■ Input data:
=== Section Start ===

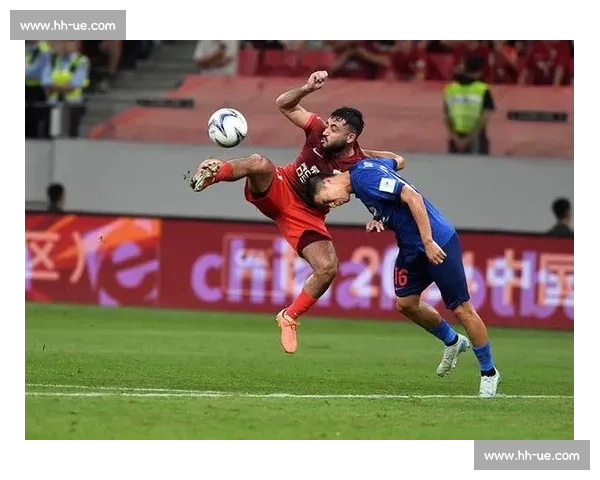 足协杯三度申城德比,申花客场 3-2 逆转海港晋级八强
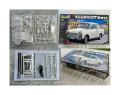 Revell Trabant 601S -- 10.000.-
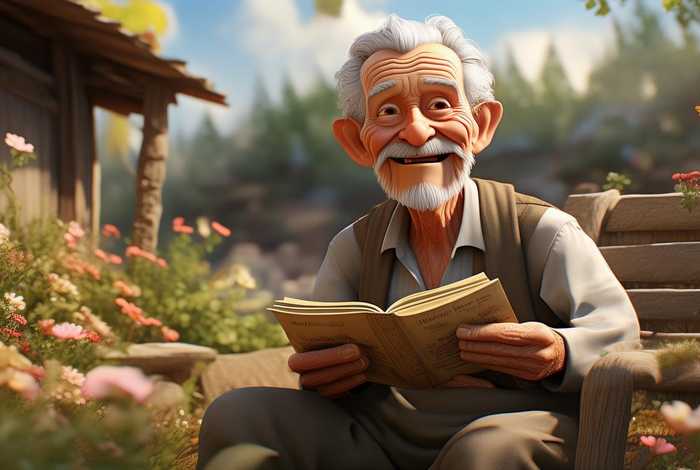 老孙头的幸福生活苏玥 老孙头的幸福生活全集阅读下载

=== Section End ===

Reproduce all lines above exactly. Leave the images out.

■ Output for this task:
 足协杯三度申城德比,申花客场 3-2 逆转海港晋级八强
 Revell Trabant 601S -- 10.000.-
 老孙头的幸福生活苏玥 老孙头的幸福生活全集阅读下载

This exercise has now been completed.